O dispositivo pelo qual Wade Matthews optou em Aspirations and Inspirations, conjunto de improvisações a solo realizadas entre os anos de 2002 e 2004, favorece a utilização do silêncio e a atenção ao detalhe na exploração das possibilidades técnicas e emocionais do clarinete baixo e da flauta alto. Na base, estão os dois primeiros actos que todos praticamos, inspirar e expirar, o que imediatamente nos remete para matérias relacionadas com o sopro vital.

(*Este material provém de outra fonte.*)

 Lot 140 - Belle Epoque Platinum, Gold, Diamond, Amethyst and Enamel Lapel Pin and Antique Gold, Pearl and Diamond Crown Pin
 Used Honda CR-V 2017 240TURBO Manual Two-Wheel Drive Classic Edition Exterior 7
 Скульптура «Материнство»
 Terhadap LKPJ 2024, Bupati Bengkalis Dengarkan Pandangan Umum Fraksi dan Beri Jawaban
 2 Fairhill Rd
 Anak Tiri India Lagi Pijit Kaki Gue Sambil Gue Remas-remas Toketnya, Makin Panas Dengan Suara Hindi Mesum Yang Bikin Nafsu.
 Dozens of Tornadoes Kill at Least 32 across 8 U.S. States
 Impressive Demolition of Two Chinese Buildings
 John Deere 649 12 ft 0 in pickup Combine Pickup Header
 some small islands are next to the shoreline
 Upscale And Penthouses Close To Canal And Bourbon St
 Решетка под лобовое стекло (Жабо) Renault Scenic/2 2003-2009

E tudo se passa como se a vida se suspendesse entre cada fase e de imediato regressasse à plenitude pela via do som.Ouvi o disco várias vezes sem antes ter lido os créditos, e não fora essa leitura a posteriori ficaria convencido de que boa parte dos sons seriam electronicamente gerados – a grande ilusão, que é também uma das mais interessantes ironias deste disco.
No meio da aparente dispersão, Matthews consegue estabelecer um fio condutor não narrativo, fragmentado, rico em nuances e variações microestruturais, em estreita ligação com outros dispostivos fundamentais na realização da obra: os microfones e o seu particular posicionamento, “multiple mics panned across the stereo spectrum”, que captam toda a acção dentro e fora da flauta, aumentando assim o potencial expressivo do instrumento.
Além da ausência de traços de convencionalismo e do trabalho microscópico que, a traço grosso, caracteriza a idiossincrasia de Wade Matthews, em Aspirations and Inspirations é possível admirar o virtuosismo do soprador, posto não ao serviço da potência sonora ou da exibição de capacidade pulmonar – marcas que decididamente não se inscrevem no seu estilo – e sobretudo, o controle sobre os sons e a maneira como se combinam, de tal forma que cada vez que se ouve Aspirations and Inspirations (Solo Improvisations 2002/2004), parece tratar-se de um disco diferente.
Delicado no toque, vagaroso e afirmativo, Aspirations and Inspirations situa-se no vasto espaço de exploração das infindáveis potencialidades dos instrumentos acústicos, associadas ao papel da alta tecnologia na captação e mediação sonora. Matthews, mercê de uma individualidade difícil de aprisionar em escolas ou estilos definidos, afirma-se através do modo peculiar e personalizado como trabalha a matéria‑prima sonora.